By now, you’ve probably seen the trailer for the movie that is being heralded as this summer’s inappropriate comedy. (If you haven’t, it’s embedded below.)
So who would have thought that Dinner for Schmucks could be described as “charming” or “sweet?” Now, don’t worry, there’s a bucketload of laughs, but it practically celebrates idiocy rather than mocks it.
Paul Rudd plays Tim, who in order to climb his particularly ruthless corporate ladder, must invite a schmuck to dinner. Steve Carell plays Barry, the schmuck and a guy with the funniest hobby we’ve seen yet. So BW’s arts and entertainment schmuck, Amy Atkins, and resident news and movie schmuck George Prentice accept this invitation to dinner and compared notes over dessert.
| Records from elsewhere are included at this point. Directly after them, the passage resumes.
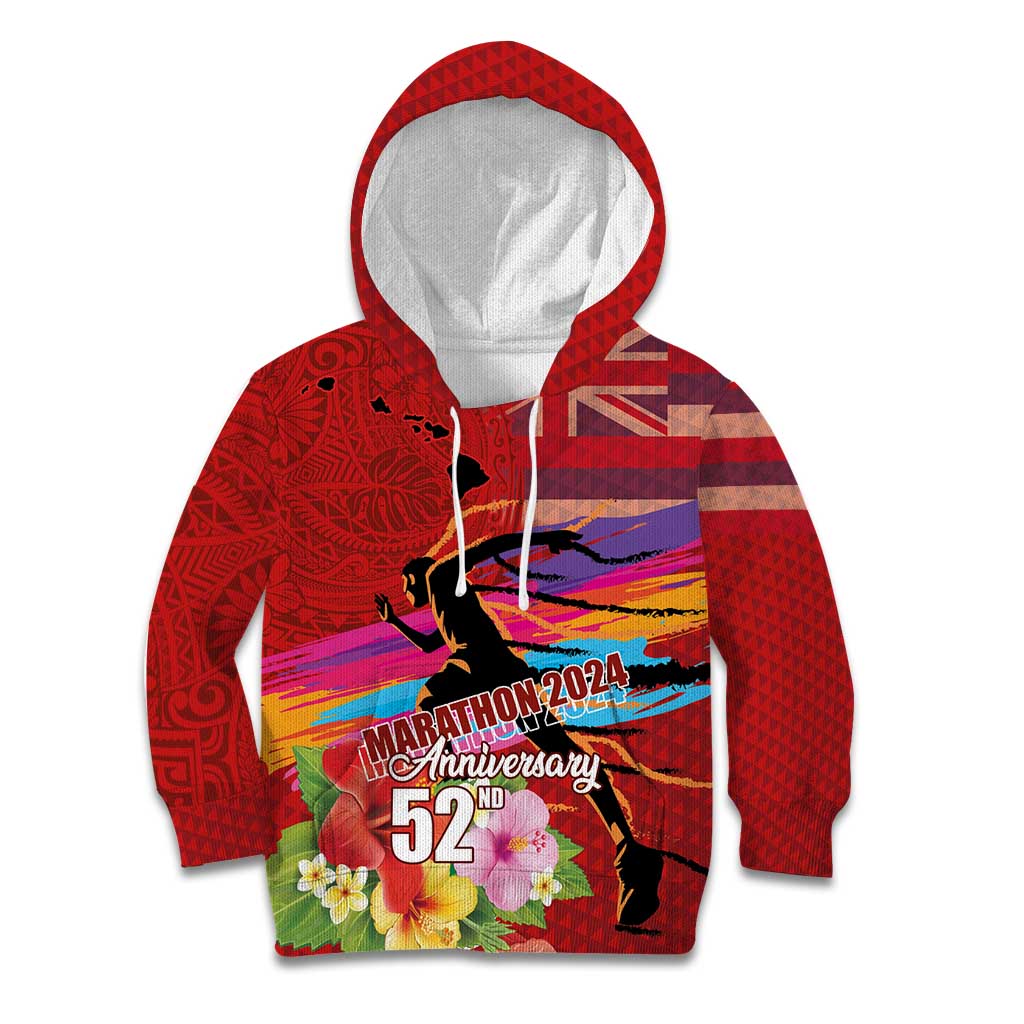 Honolulu Anniversary 52nd Running Kid Hoodie Marathon Competition Kakau Pattern Red Color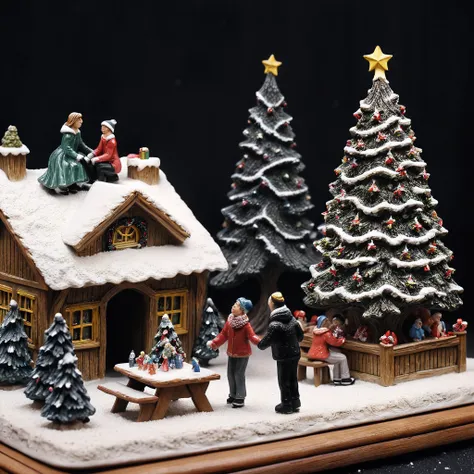 <lora:M1n14tur3_XL-000002:0.9>,photo of (M1n14tur3:1.1) ceramic sculpture of christmas scene,ice rink,snow,figure skater,many skaters,christmas tree, outdoor,photo realistic,ornate,studio photograph,sitting on a wooden counter with a black cloth background,bokeh,tilt shift,super detailed,intricate,dramatic,shadows,beautiful,insane details,hyperdetailed,8k wallpaper,uhd,hdr,high contrast,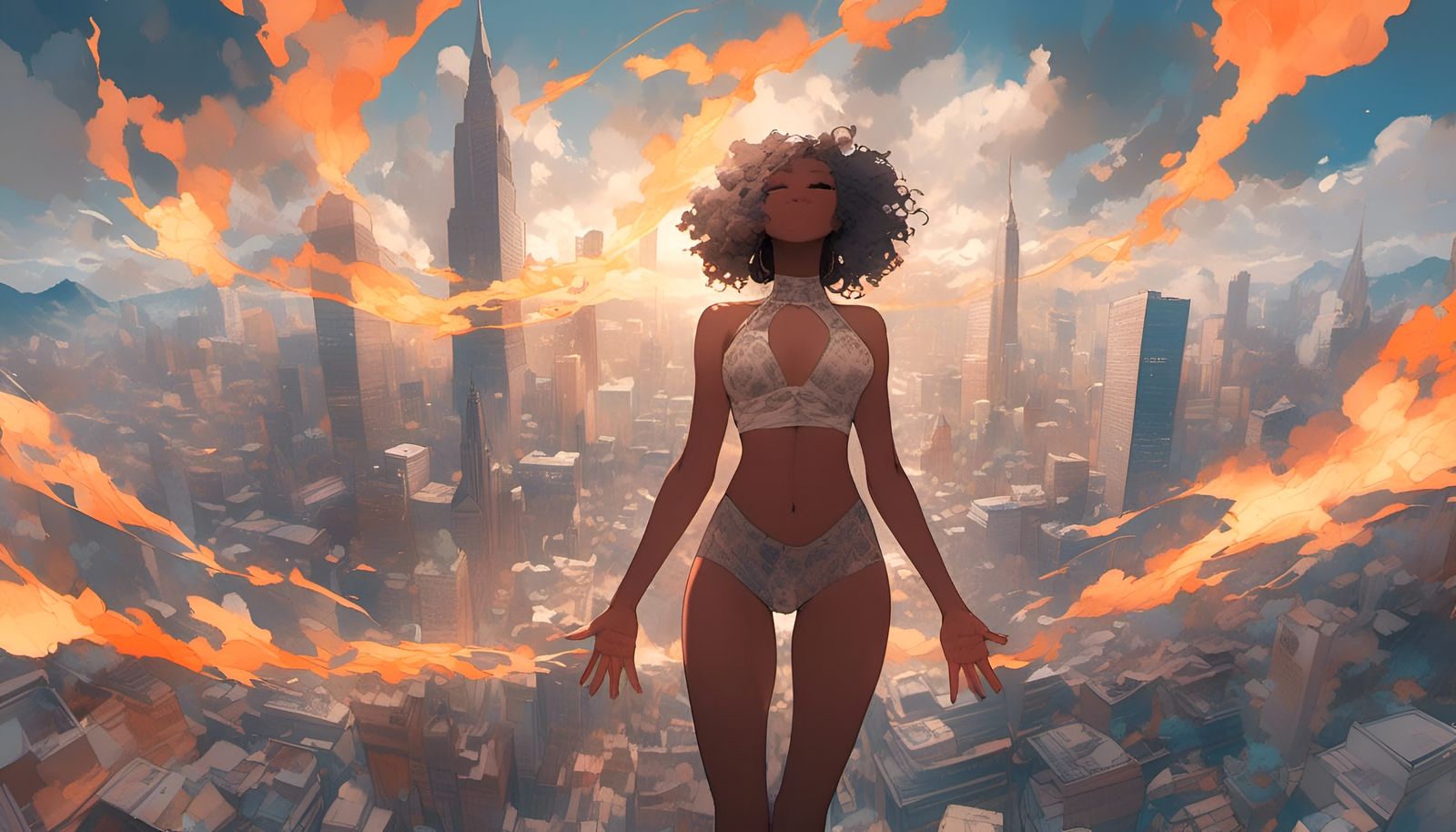 Double Exposure: Woman with Burning City Background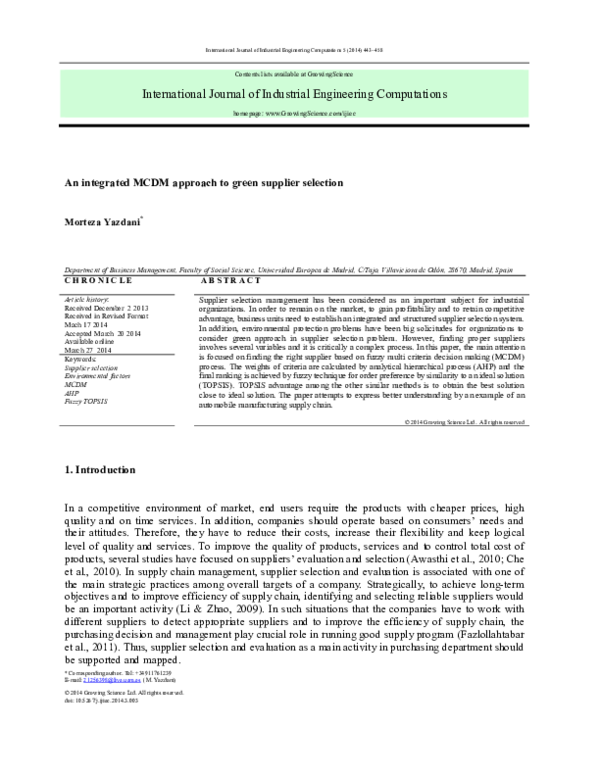 (PDF) An integrated MCDM approach to green supplier selection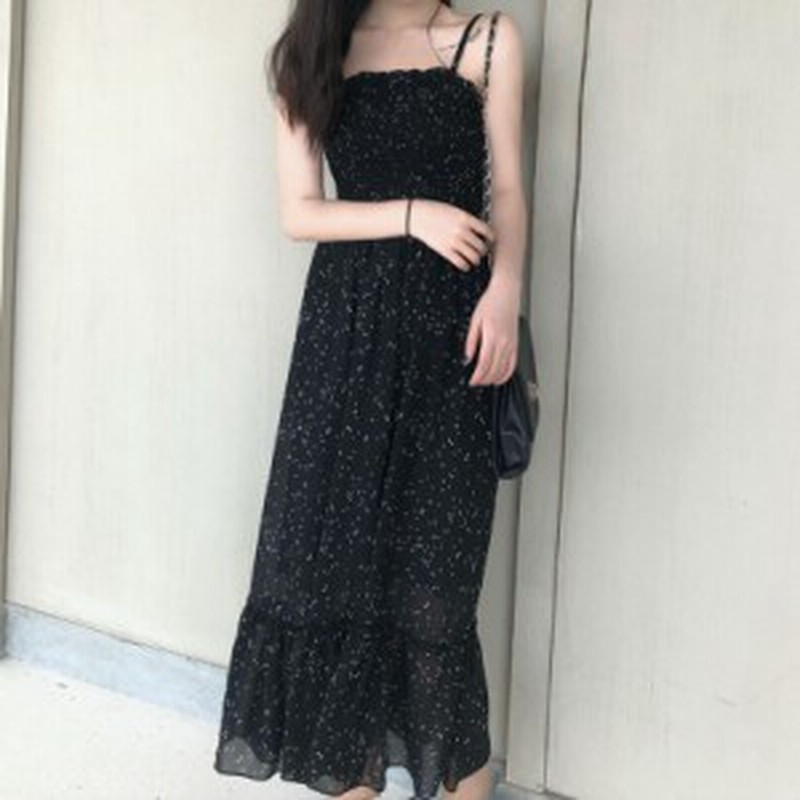 ロングワンピース レディース ワンピース ノースリーブ 胸元シャーリング シフォン ドット キャミワンピース デート リゾート 通販 Lineポイント最大1 0 Get Lineショッピング
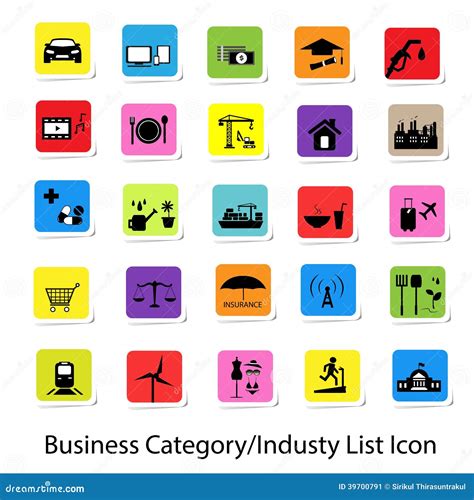 Colorful Business Category And Industry List Icon Stock Illustration ...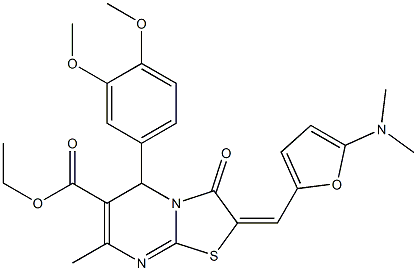 ethyl 5-(3,4-dimethoxyphenyl)-2-{[5-(dimethylamino)-2-furyl]methylene}-7-methyl-3-oxo-2,3-dihydro-5H-[1,3]thiazolo[3,2-a]pyrimidine-6-carboxylate 구조식 이미지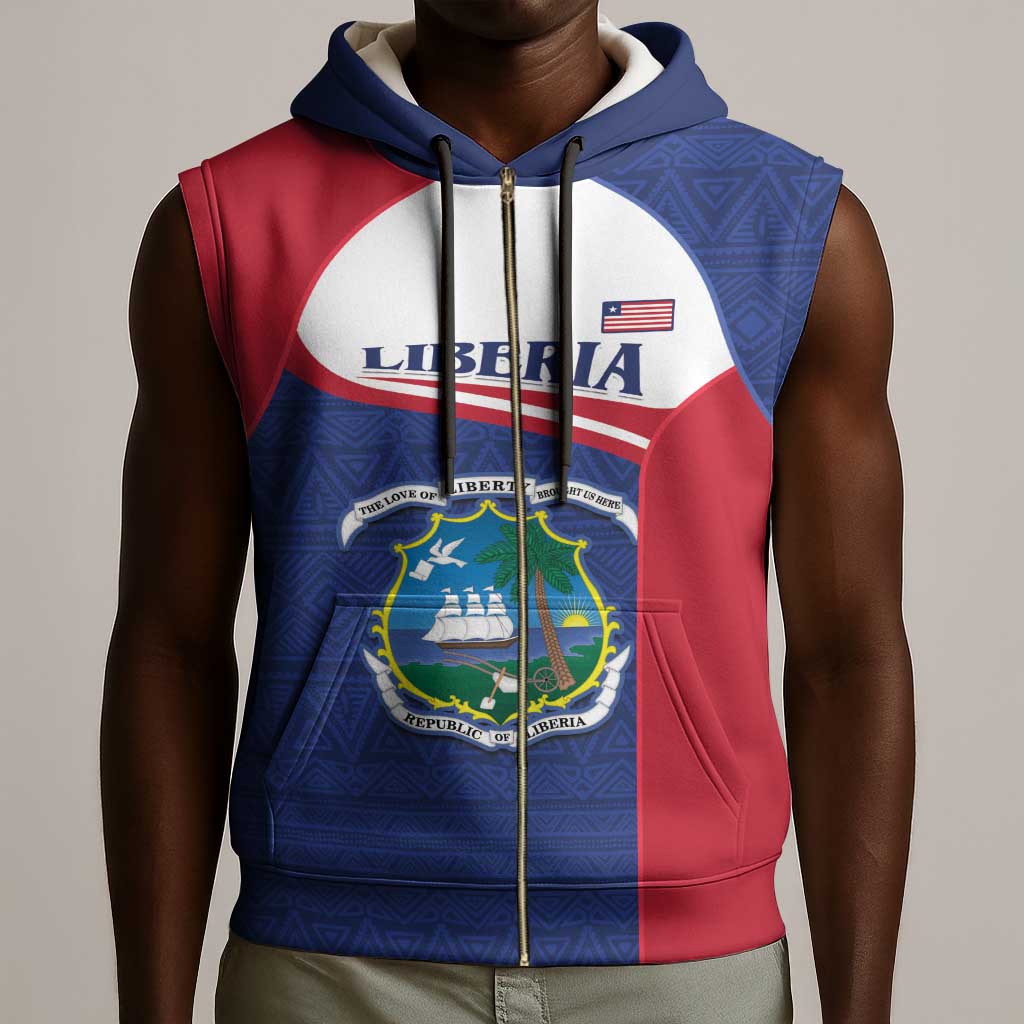 Personalised Liberia African Sleeveless Zip Hoodie Coat Of Arms Flag - African Pride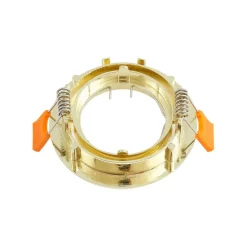 Prios forsænket loftlampe Fibur, guld, aluminium, Ø 8,2 cm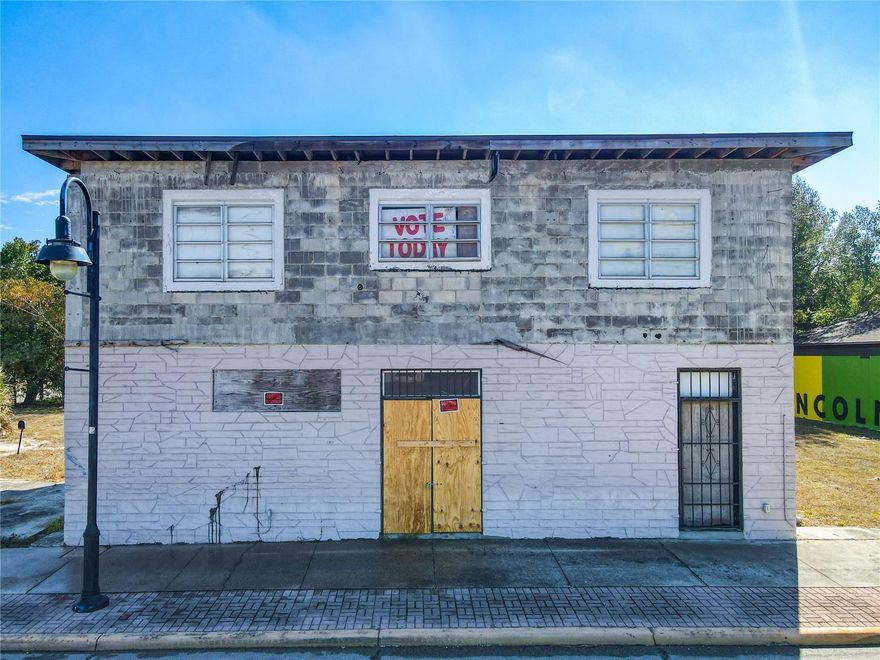 Prime mixed-use value-add opportunity in the heart of downtown Lake Wales at 215 Lincoln Ave. This two-story concrete block building presents a rare redevelopment play in a designated growth corridor with strong upside potential.

The upper level features two (2) 1-bedroom / 1-bathroom apartments, offering future residential income once renovated. The ground floor previously operated as a restaurant, providing an open layout ideal for retail, café, professional office, creative space, or food & beverage re-establishment (buyer to verify permitted uses and zoning).

The property has been gutted and is renovation-ready, allowing investors to fully customize the layout and finishes. Existing slab foundation, concrete block construction, and visible plumbing/electrical infrastructure create a solid framework for repositioning.

Strategically located along a walkable downtown streetscape with sidewalks, decorative lighting, and surrounding commercial activity, enhancing visibility and long-term tenant demand.

Major Incentive Advantage: Property is located within the eligible area for the Lake Wales CRA Business Incentive Program, offering potential grants and redevelopment incentives to qualified buyers (buyer to verify eligibility, requirements, and funding availability with the CRA).

Bonus Opportunity: Seller also owns the adjacent side lot, available for purchase separately, ideal for expansion, parking, patio/outdoor seating, or future development.

Ideal for investors, developers, or owner-users seeking a repositioning project with residential income above and commercial potential below in a revitalizing downtown market.

Sold AS-IS. Cash or renovation financing preferred.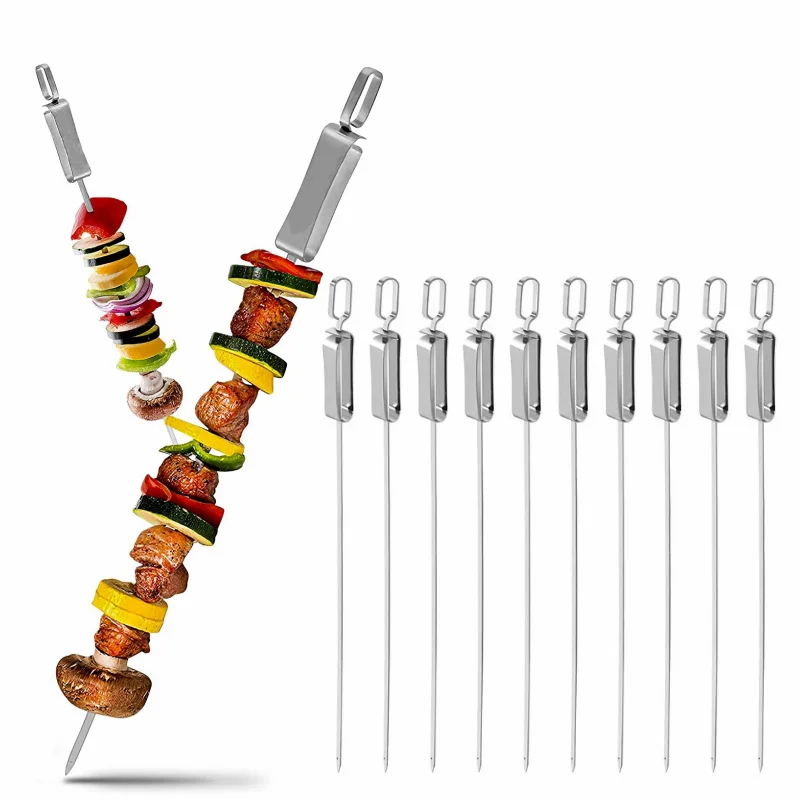 16 Inch Rotating Bbq Skewers Stainless Steel,Hanging Skewers Charcoal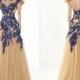 Hot Selling Sexy Illusion Jewel Neckline Sheer Backless Tarik Ediz 2014 Evening Dresses Applique Prom Dresses Floor-Length Evening Gowns Online with $109.98/Piece o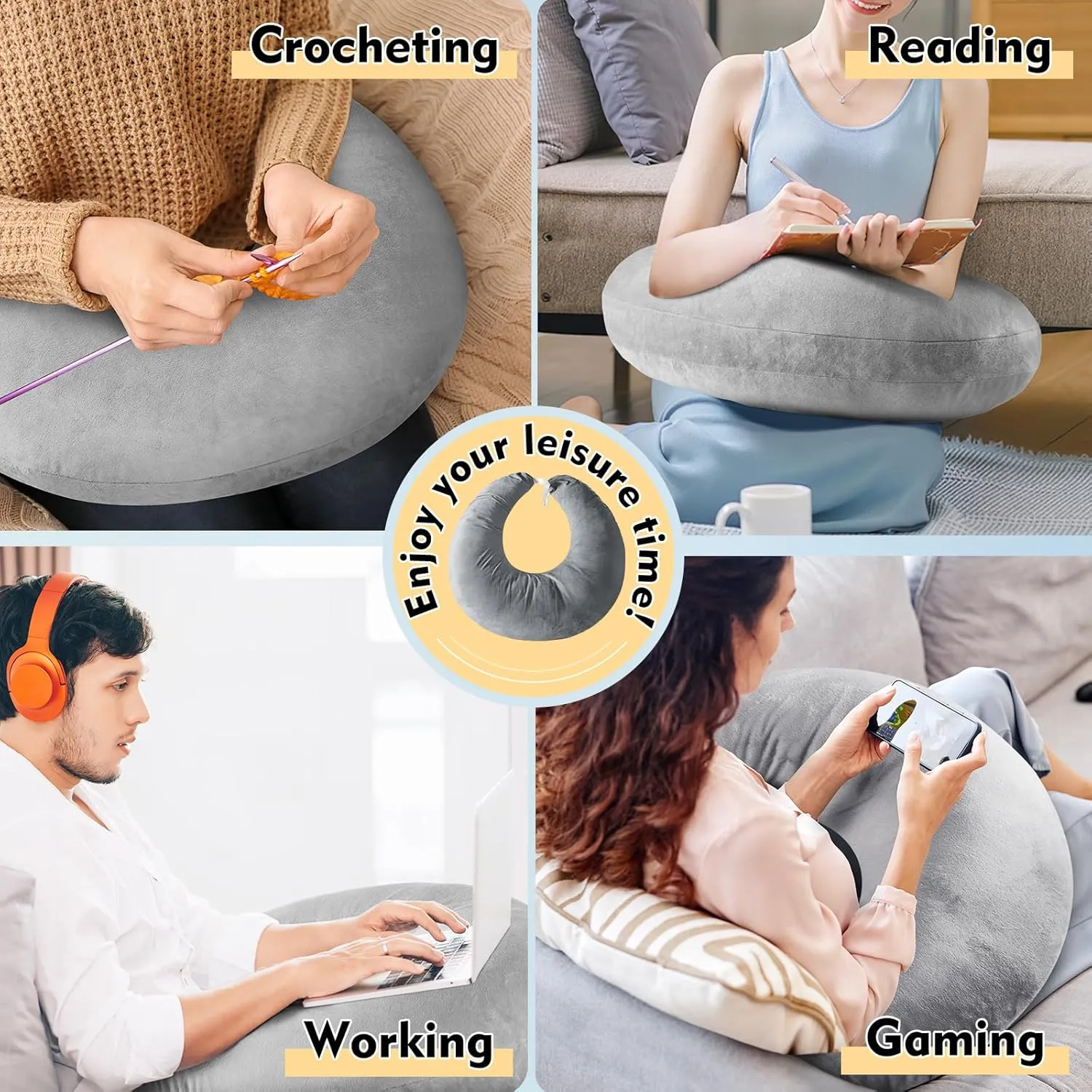 Gaming Pillow Arm Support Pillow for Bed & Sofa: Ergonomic U-Shaped Lap Pillow with Elbow Rest for Adults & Kids - Reduces Arm Pain & Fatigue During Gaming, Reading, Working & Crocheting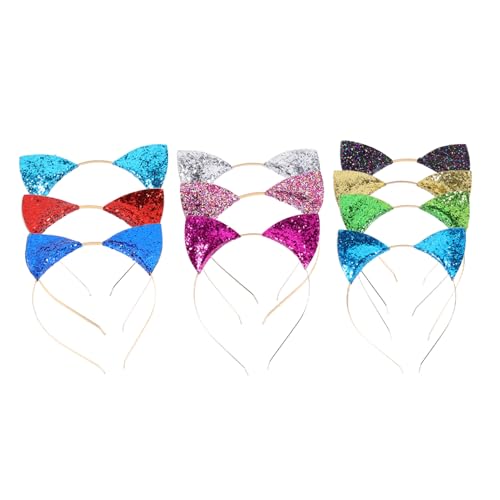 CTIRCHIU 10Stücke Katzenohren Haarbänder mit Glitzer Buntes Stirnband für Feste Halloween Karneval und Kostümpartys Langlebiges und Bequemes Haarschmuck Zubehör von CTIRCHIU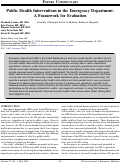 Cover page: Public Health Interventions in the Emergency Department: A Framework for Evaluation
George Prentice: Amy, I think the first thing I have to say concerns the first thing in the movie: the opening titles. I loved them. With the Beatles singing “Fool on the Hill,” we watch a pair of gentle hands craft this lovely world of stuffed mice, complete with costumes and wonderfully tiny dioramas. Even though there are several scenes featuring this bizarre hobby, I never tired of this joke. If anything, I found it more endearing and laughable each time.
Amy Atkins: George, I could not agree more. Those little mice were so charming and whimsical, they alone were with the ticket price. Speaking of titles, I have to say, my anticipation grew as the supporting stars’ names popped up on screen: Jemaine Clement (Flight of the Conchords) David Walliams (Little Britain), Christopher O’Dowd (The IT Crowd) Zach Galifianakis (The Hangover). Each one added his own little ray of sunshine to the film.
GP: I think Steve Carell and Paul Rudd did fine with their roles (Barry and Tim respectively). Have they been funnier in other films? Sure. But they’re true to their characters and I truly believe that they could be friends.
AA: I guess. But in real life, I think someone like Barry doesn’t so much grow on a person as wear him or her down.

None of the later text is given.